Work to complete: Every record must come back unchanged, apart from the pictures, which are dropped.

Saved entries
━━━━

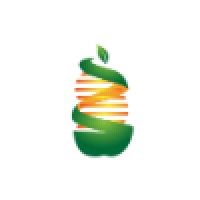 Integrative and Functional Nutrition Academy logo - Similar company to Barieducated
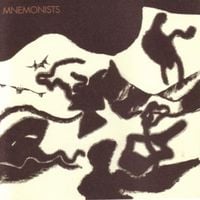Mnemonists - Gyromancy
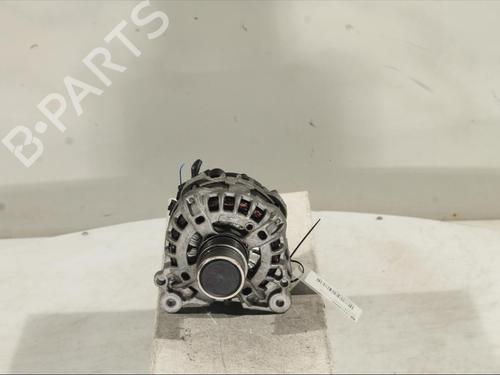 Alternator VW T-CROSS (C11, D31) 1.0 TSi | BP24019714M7 
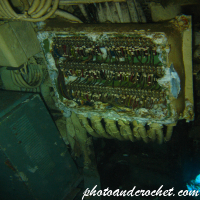 P 29 - Boltenhagen - Image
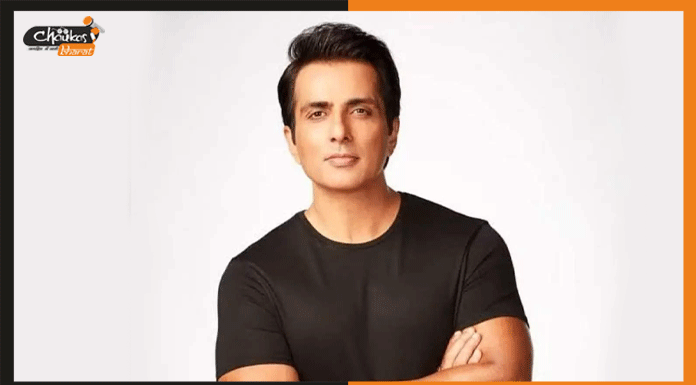 MTV Roadies के नए सीजन में तड़का लगाने आ रहें हैं सोनू सूद sonu sood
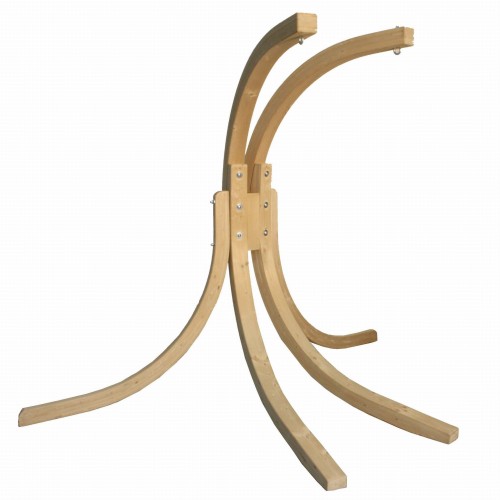 Stojak Swing Pod XL | Czillo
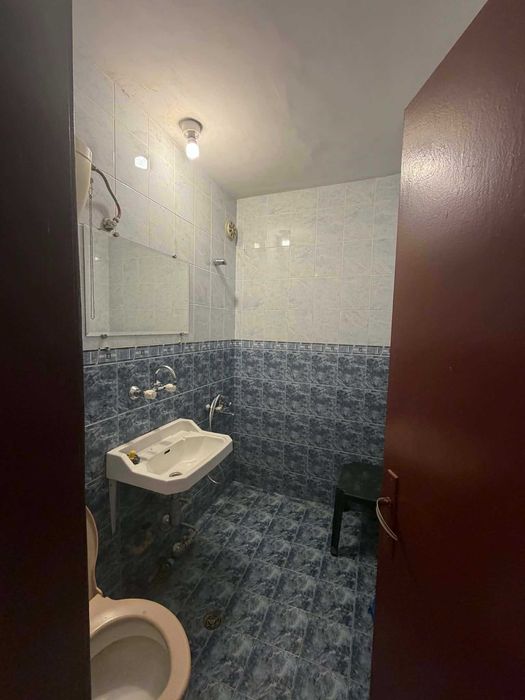 Едностаен ап. под наем в кв. Люлин 5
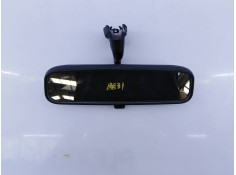 ESPEJO INTERIOR A049333 E3-A1-24-1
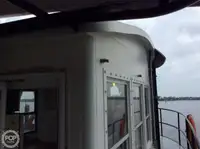 Kapal tunda untuk dijual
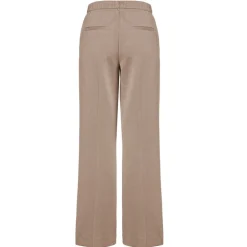 DAMES Beaumont Broeken^HOPE Pant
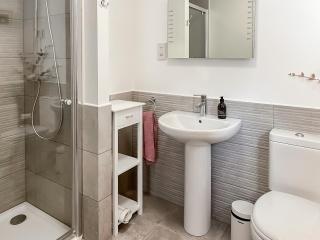 No, 8 Cottage - Aviemore - 3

━━━━

The completed task:
 Integrative and Functional Nutrition Academy logo - Similar company to Barieducated
Mnemonists - Gyromancy
 Alternator VW T-CROSS (C11, D31) 1.0 TSi | BP24019714M7 
 P 29 - Boltenhagen - Image
 MTV Roadies के नए सीजन में तड़का लगाने आ रहें हैं सोनू सूद sonu sood
 Stojak Swing Pod XL | Czillo
 Едностаен ап. под наем в кв. Люлин 5
 ESPEJO INTERIOR A049333 E3-A1-24-1
 Kapal tunda untuk dijual
 DAMES Beaumont Broeken^HOPE Pant
 No, 8 Cottage - Aviemore - 3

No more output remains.